> What you have to do: The answer must consist solely of the lines from the line with "Body escote v m/c ( Microfibra)" to the final line of the data below, reproduced exactly, pictures omitted.

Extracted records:
= = = = = = =

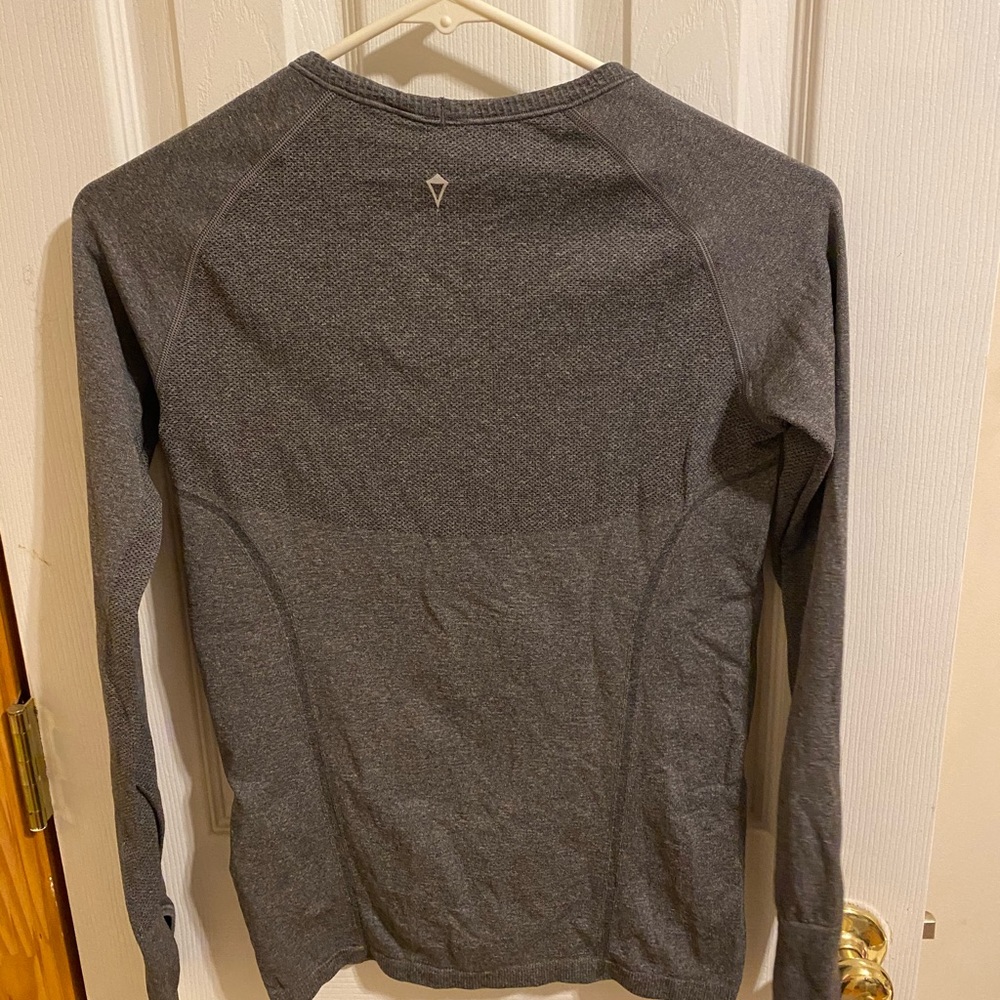 Iviva by lululemon gray long sleeve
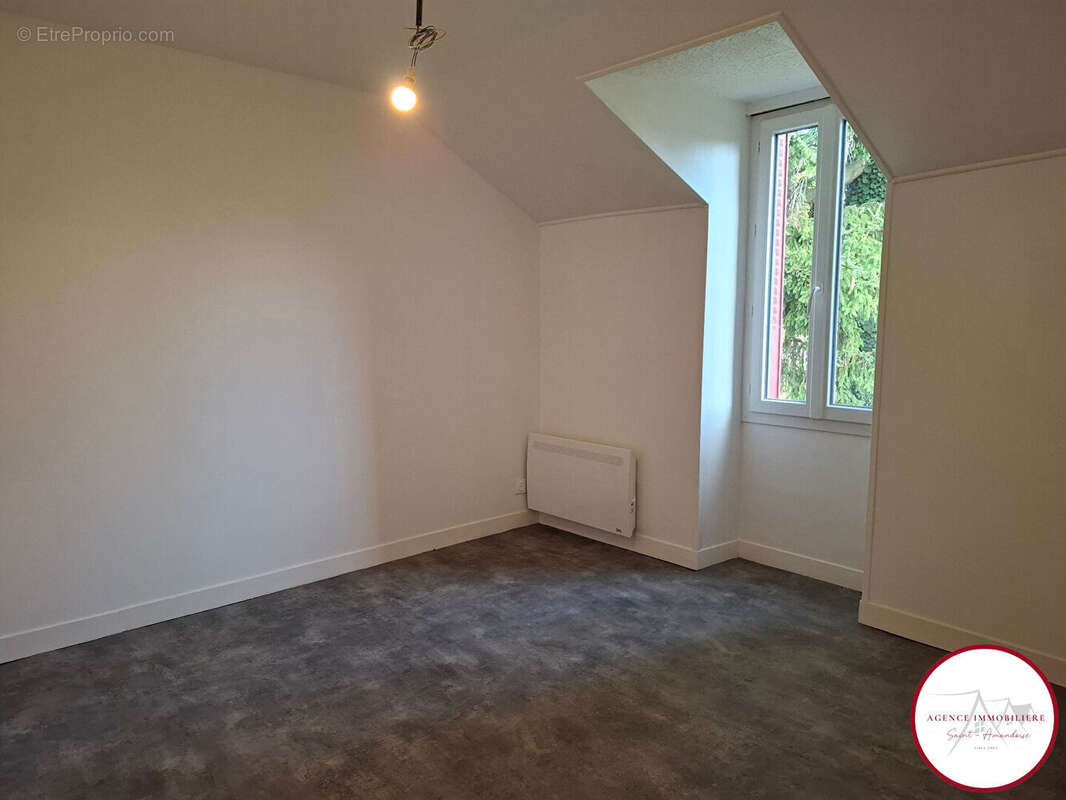 Maison à SAINT-AMAND-MONTROND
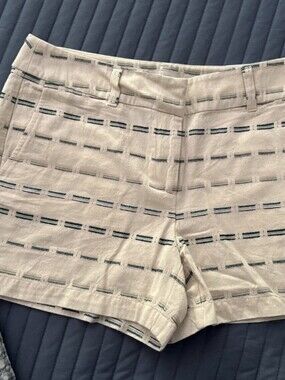 LOFT Riviera Shorts Size 6 – 4" Inseam – Striped Linen Blend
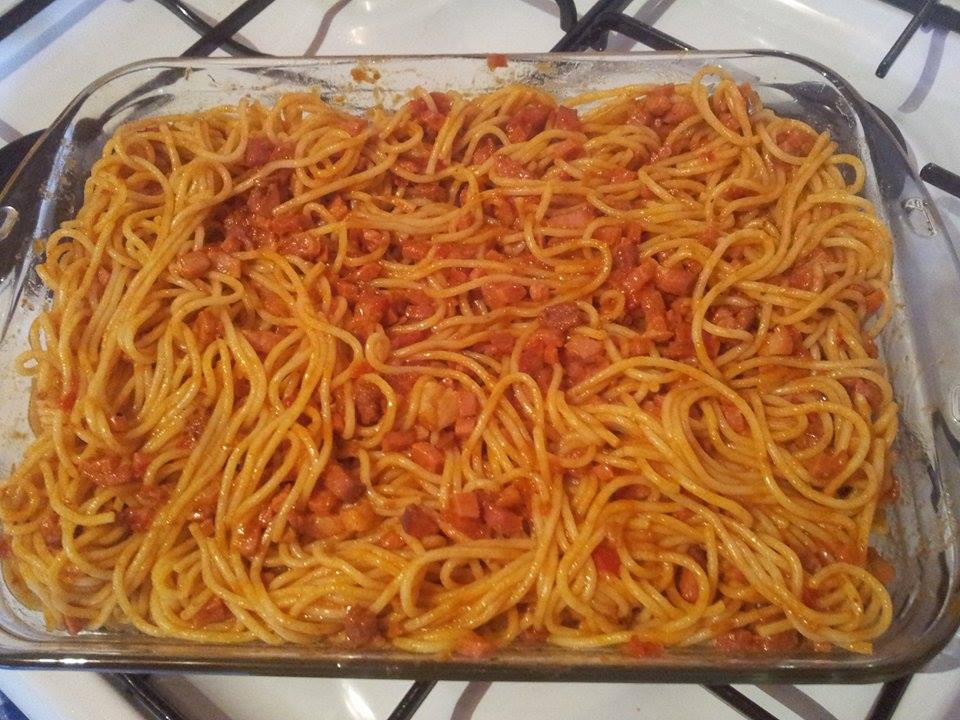 Spaghete cu bacon si sos bolognese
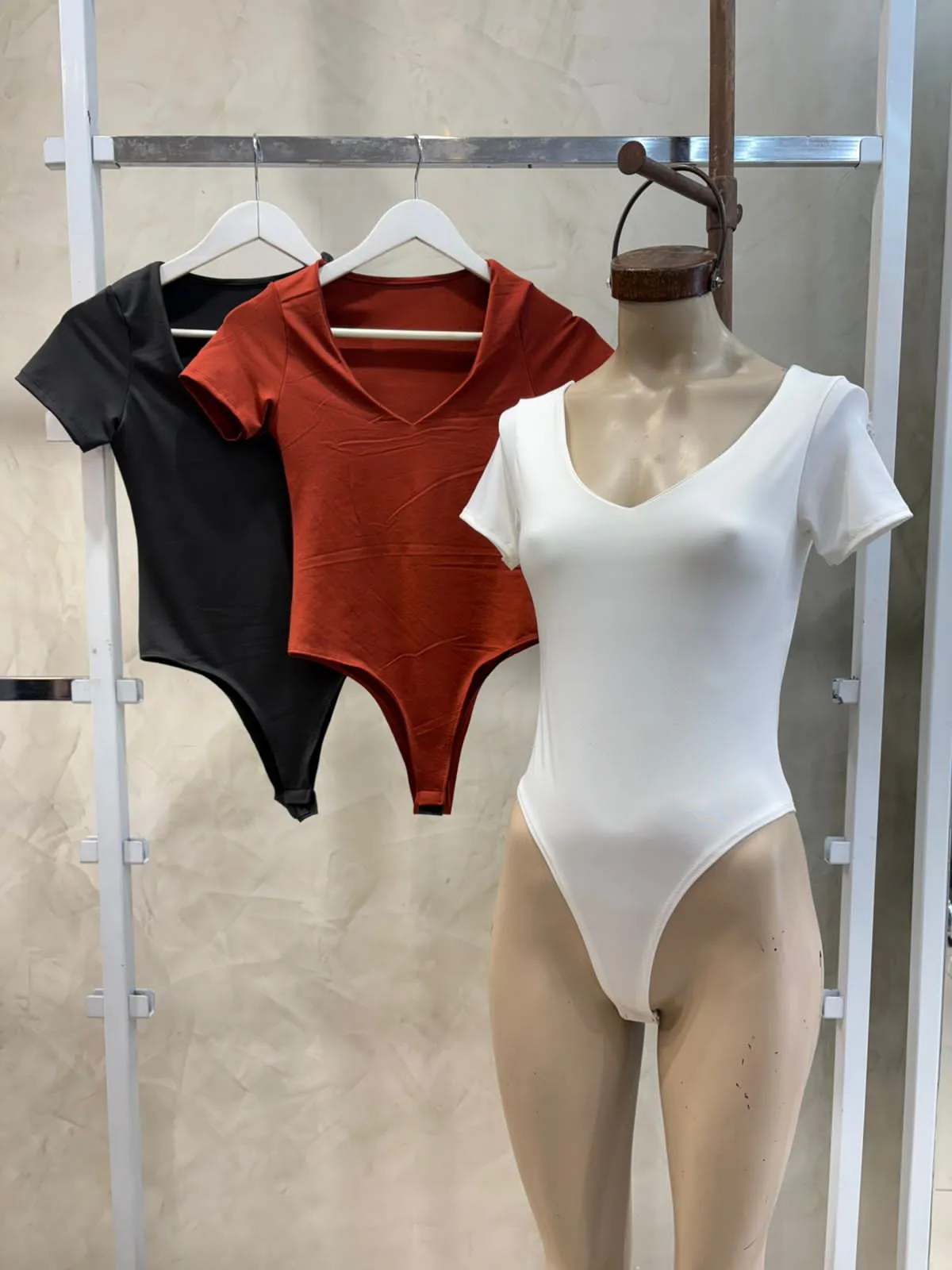 Body escote v m/c ( Microfibra)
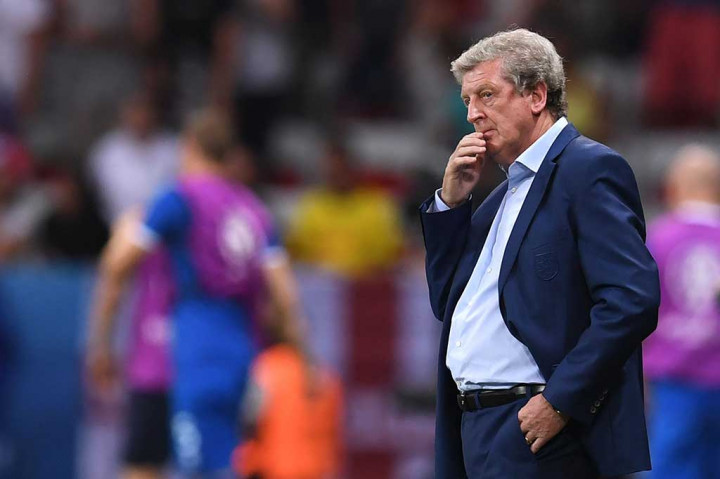 Kekalahan Inggris membuat pelatih Roy Hodgson mengundurkan diri.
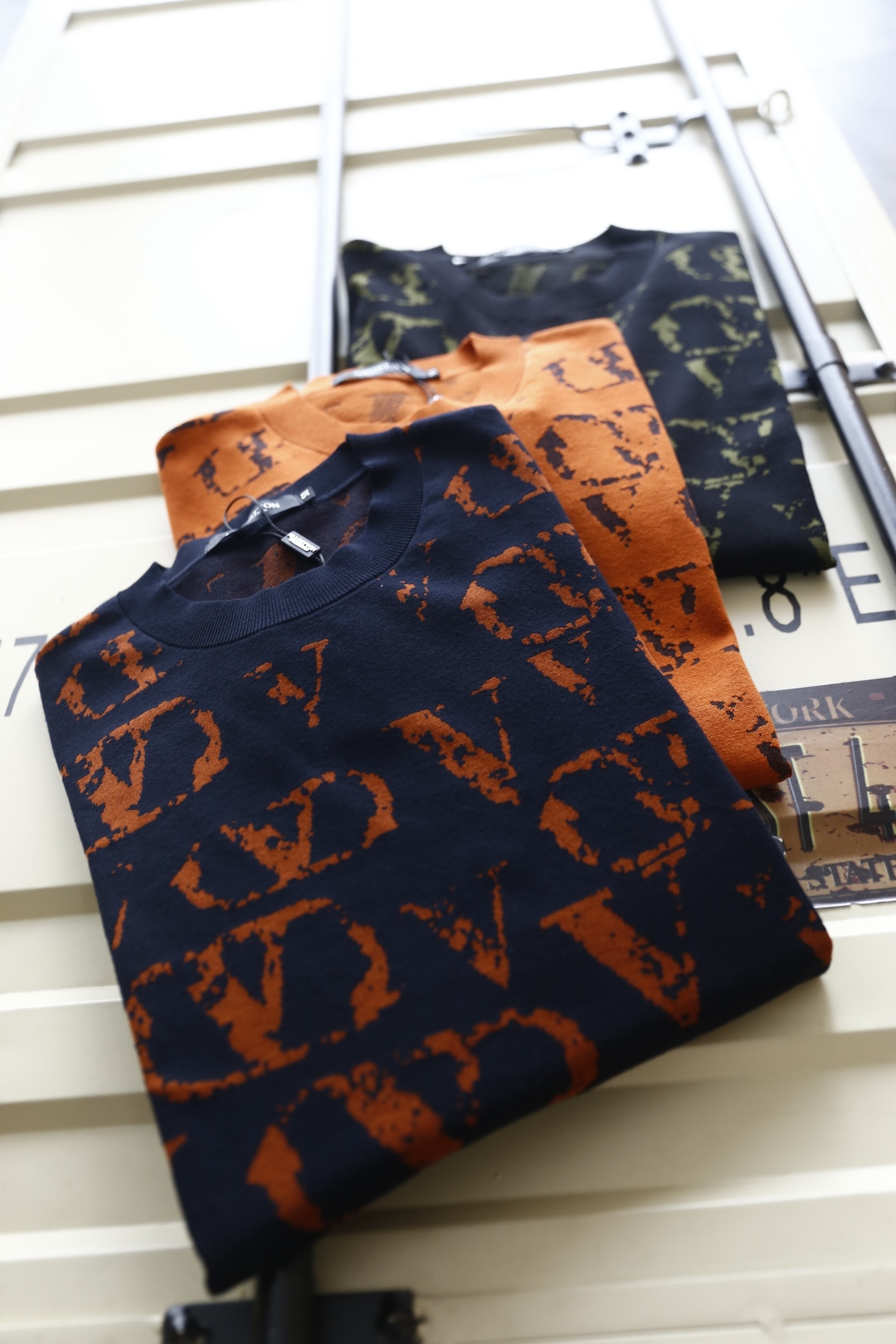 🔥华伦天奴.2025秋季新品男士长袖针织衫👍🏼独家呈现！奢华品牌元素LOGO搭配✅超级百搭极符合美学基调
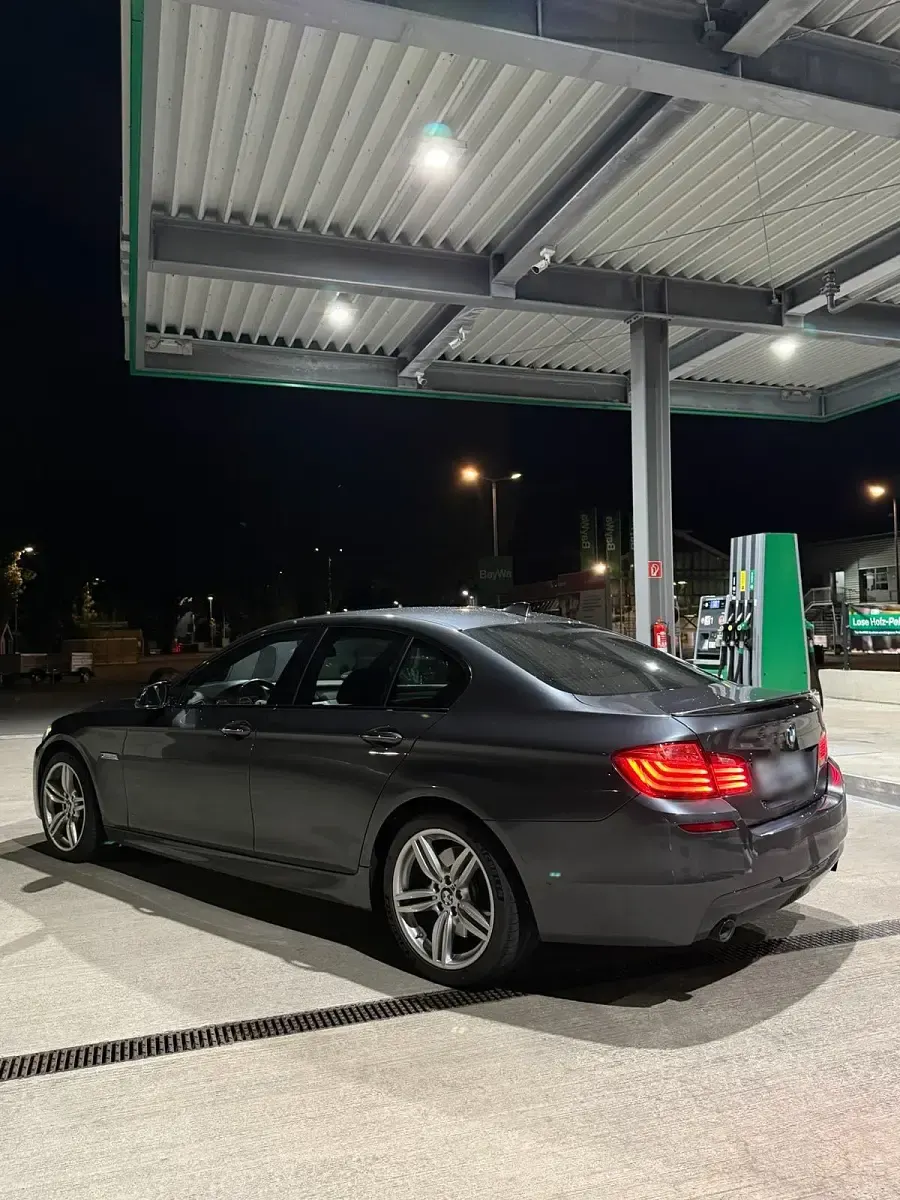 Gebraucht BMW 535 M Sport 313 PS (230 kW) 2015 Grau Limousine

= = = = = = =

> Answer to the problem:
 Body escote v m/c ( Microfibra)
 Kekalahan Inggris membuat pelatih Roy Hodgson mengundurkan diri.
 🔥华伦天奴.2025秋季新品男士长袖针织衫👍🏼独家呈现！奢华品牌元素LOGO搭配✅超级百搭极符合美学基调
 Gebraucht BMW 535 M Sport 313 PS (230 kW) 2015 Grau Limousine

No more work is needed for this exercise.